Later, at the same June 1922 séance, Doyle’s thirteen-year-old son Denis, ‘a great lover of snakes’, asked Kingsley: ‘Where are the snakes with you?’ To which his ghost brother replied: ‘In their own place, old chap. We are so proud of you, Denis, and the way you are developing in every way.’ Reading these transcripts now it’s difficult to imagine how the man responsible for the creation of the arch-rationalist Sherlock Holmes could accept these banal messages so unquestioningly as solid evidence of an afterlife, and not as the understandable attempts (either consciously or subconsciously) of his wife – who had also lost her brother during the Great War – to bring comfort to a grieving old man and his family.

At the beginning of the 1920s Doyle struck up an unlikely rapport with Harry Houdini, the American magician and escapologist who was starting to engage in a mission to expose fraudulent mediums, hoping in the process to find a genuine means of communicating with his dead mother.* In the same month that Denis asked his vanished brother about the snakes, Jean engaged in automatic writing in the presence of Houdini, producing seven paragraphs purporting to be from the showman’s mother. Houdini was unimpressed – the deceased woman’s English was poor for one thing, and Jean’s transcript failed to capture her way of talking. The two men’s friendship began to fracture thereafter, their disagreement later magnifying into a high-profile spat. Reading them now, the words alleged to have come through to Jean from the late Mrs Houdini bear a striking resemblance to those received from John Thadeus Delane: ‘It is so different over here, so much larger and bigger and more beautiful …’

In a 1927 magazine article Doyle argued the case that various Victorian writers – notably Oscar Wilde and Jack London – continued to produce works from the other side. Doyle also conducted a conversation himself, through another medium, Florizel von Reuter, with a figure he reckoned could well have been Charles Dickens, and who went on to provide him with the solution to the mystery of Edwin Drood: ‘Edwin is alive and Chris is hiding him’ (‘Chris’, according to Doyle, being the Reverend Crisparkle).

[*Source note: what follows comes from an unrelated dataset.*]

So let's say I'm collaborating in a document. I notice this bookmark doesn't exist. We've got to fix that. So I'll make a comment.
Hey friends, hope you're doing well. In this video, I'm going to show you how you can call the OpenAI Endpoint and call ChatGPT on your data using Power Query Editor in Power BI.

‘Every year spring throws her green veil over the world and anon the red autumn glory comes to mock the yellow moon.’ Purported communications from Wilde like the preceding sentence (part of a larger tranche of writing said to emanate from the dead aesthete) were, however, Doyle’s favoured evidence of posthumous literary work. They were transmitted to the hand of a medium, Mrs Dowden, which was in turn laid upon their transcriber, a Mr Soal. Doyle seizes on their florid language and use of colourful adjectives as proof of their famous sender’s identity: ‘This is not merely adequate Wilde. It is exquisite Wilde. It is so beautiful that it might be chosen for special inclusion in any anthology of his writings.’ Doyle does not seem able to countenance the possibility that he is being duped:

What then is the alternative explanation? I confess that I can see none. Can anyone contend that both Mr Soal and Mrs Dowden have a hidden strand in their own personality which enables them on occasion to write like a great deceased writer, and at the same time a want of conscience which permits that subconscious strand to actually claim that it is the deceased author? Such an explanation would seem infinitely more unlikely than any transcendental one can do.

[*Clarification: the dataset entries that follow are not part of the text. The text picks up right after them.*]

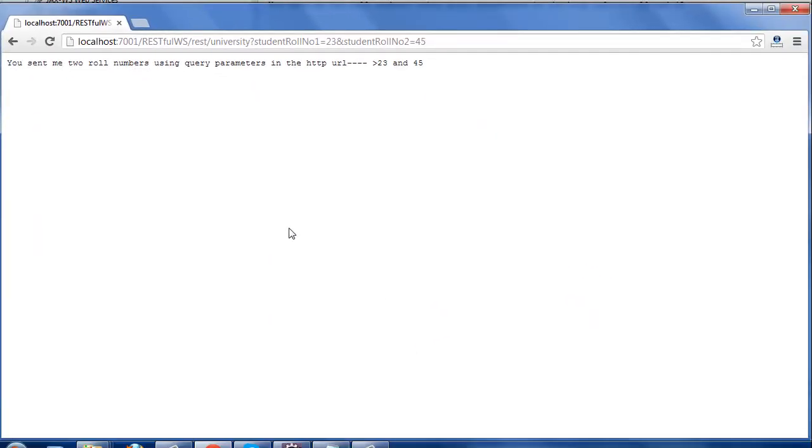In the next tutorial we'll talk about how a RESTful web service accepts multiple parameters sent by the client in the HTTP URL as a matrix parameter.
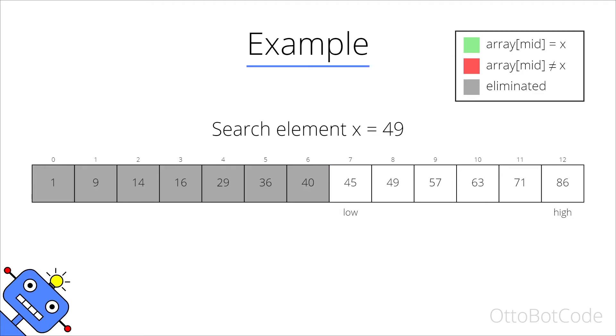Now we have an even number of elements in the search interval and the formula for the middle element says we should pick 57. 57 is greater than 49 so we can eliminate the right side.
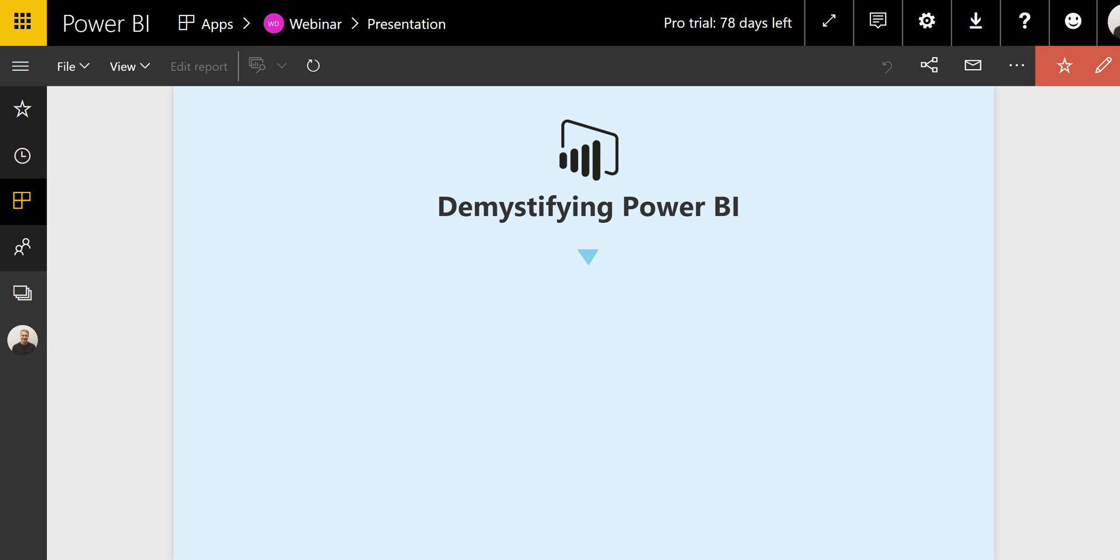Hi, my name is Will. I'm a business intelligence consultant specialized in Microsoft Power BI. The theme of this session is demystifying Power BI.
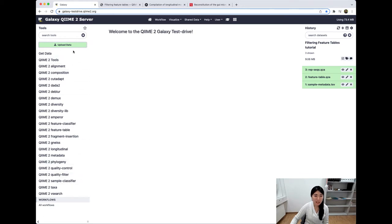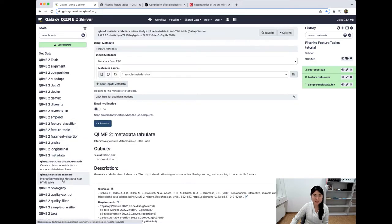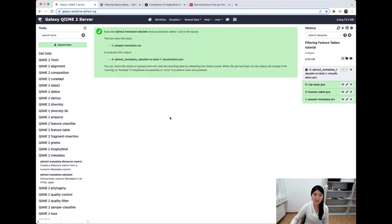Let's head back to our Galaxy server. On this left-hand side, we have a list of different QIIME 2 tools that we can run, and we want to run QIIME 2 metadata — specifically tabulate. We want this input to be a TSV file, since that's what we started off with. We want the metadata source to be exactly this sample-metadata.tsv. And we'll execute. That's going to run for a little bit.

LMPC/Contributor via Getty Images

It would not be long before the 71-year-old author joined his fellow literary giants London, Wilde and Dickens, as well as his eldest son, Kingsley, and his former friend Harry Houdini.† At eight thirty on the morning of 7 July 1930 – seated in a basket chair in his bedroom, looking towards the window – Sir Arthur Conan Doyle passed peacefully at his main residence, Windlesham Manor in East Sussex. He was buried in the gardens of the house, surrounded by a sea of well-wishers’ flowers, next to his writing hut. In the immediate aftermath of his death – on occasions including the memorial service held at the Royal Albert Hall six days later, at which a vacant chair was left for him on the stage beside his wife – numerous mediums asserted that they had received beyond-the-grave communiqués from Spiritualism’s grand flag-bearer. With reports of these alleged messages threatening to become overwhelming, his widow pushed back, stating: ‘When he has got anything for the world he will communicate with us first.’ And it was not long before the family resumed their contact. Jean continued to hear Arthur’s voice at the sittings she conducted right up to her own passing in 1940, even claiming that her husband’s spirit had diagnosed her own cancer before her doctors; whether Pheneas was at this point still her otherworldly guide, I could not say.

We do, however, have irrefutable proof of at least one last earthly trip Doyle was to make, a quarter of a century after his body had departed this life: a hundred-mile hearse ride. In 1955, after the Windlesham estate had been sold, his remains were exhumed, moved and reinterred, along with those of his spouse, beneath a mature oak in the southern corner of Minstead churchyard, close to their beloved New Forest retreat. It is a pleasant, peaceful final spot of rest; when I visit, ponies are galloping after each other in the adjacent paddock. Someone has placed a bent smoking pipe on top of his headstone too, which seems an appropriate touch.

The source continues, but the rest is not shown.